• Dataset excerpts:

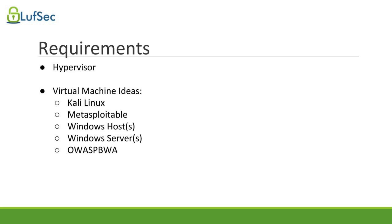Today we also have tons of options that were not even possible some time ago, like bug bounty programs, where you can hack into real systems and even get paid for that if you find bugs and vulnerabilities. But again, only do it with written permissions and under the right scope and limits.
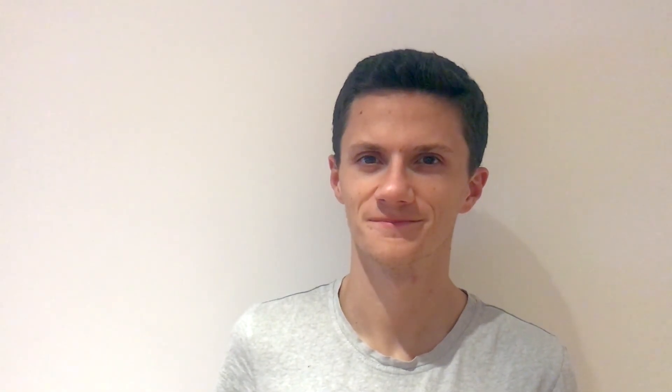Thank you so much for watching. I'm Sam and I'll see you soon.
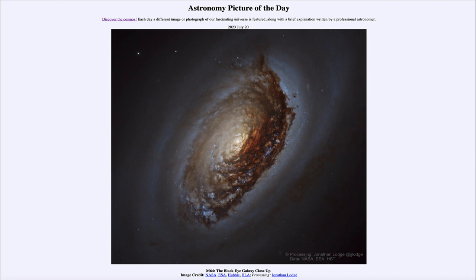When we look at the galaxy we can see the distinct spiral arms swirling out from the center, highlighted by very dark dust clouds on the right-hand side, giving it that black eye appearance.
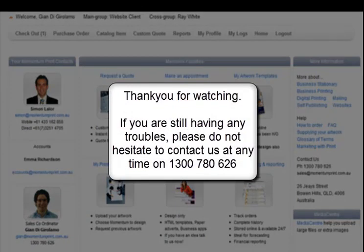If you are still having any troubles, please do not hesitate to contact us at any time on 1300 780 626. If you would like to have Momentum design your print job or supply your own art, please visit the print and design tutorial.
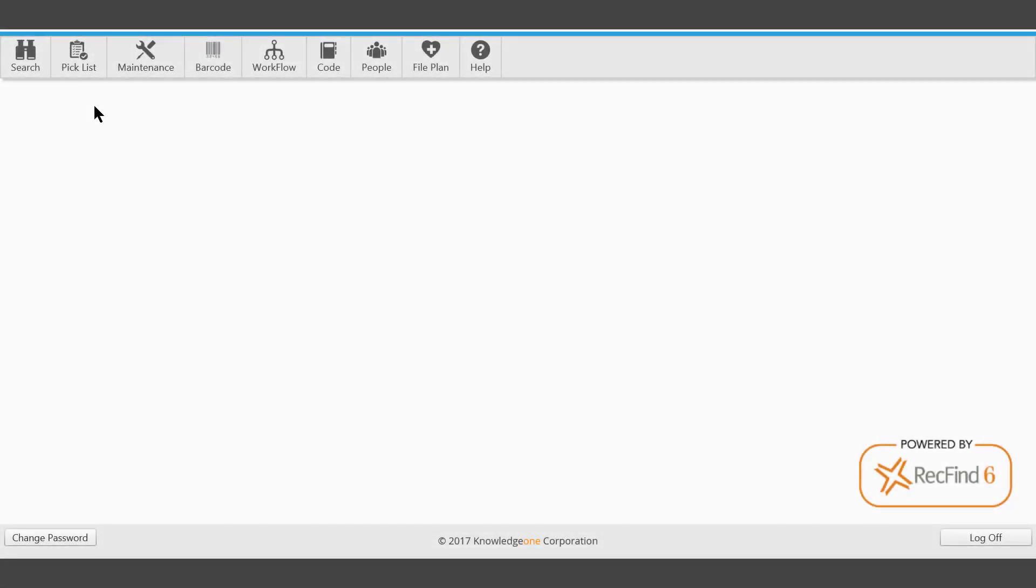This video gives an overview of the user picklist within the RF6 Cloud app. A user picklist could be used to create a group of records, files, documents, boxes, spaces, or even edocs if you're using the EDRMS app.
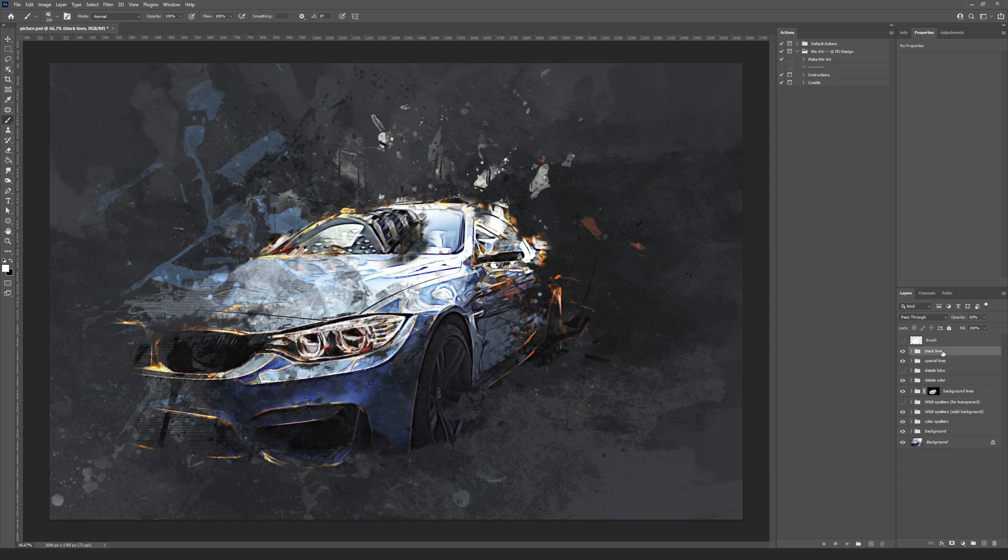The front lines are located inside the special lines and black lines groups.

• Description of the task: Each entry above has to be set down again verbatim, except for its pictures.

• Expected answer:
Today we also have tons of options that were not even possible some time ago, like bug bounty programs, where you can hack into real systems and even get paid for that if you find bugs and vulnerabilities. But again, only do it with written permissions and under the right scope and limits.
Thank you so much for watching. I'm Sam and I'll see you soon.
When we look at the galaxy we can see the distinct spiral arms swirling out from the center, highlighted by very dark dust clouds on the right-hand side, giving it that black eye appearance.
If you are still having any troubles, please do not hesitate to contact us at any time on 1300 780 626. If you would like to have Momentum design your print job or supply your own art, please visit the print and design tutorial.
This video gives an overview of the user picklist within the RF6 Cloud app. A user picklist could be used to create a group of records, files, documents, boxes, spaces, or even edocs if you're using the EDRMS app.
The front lines are located inside the special lines and black lines groups.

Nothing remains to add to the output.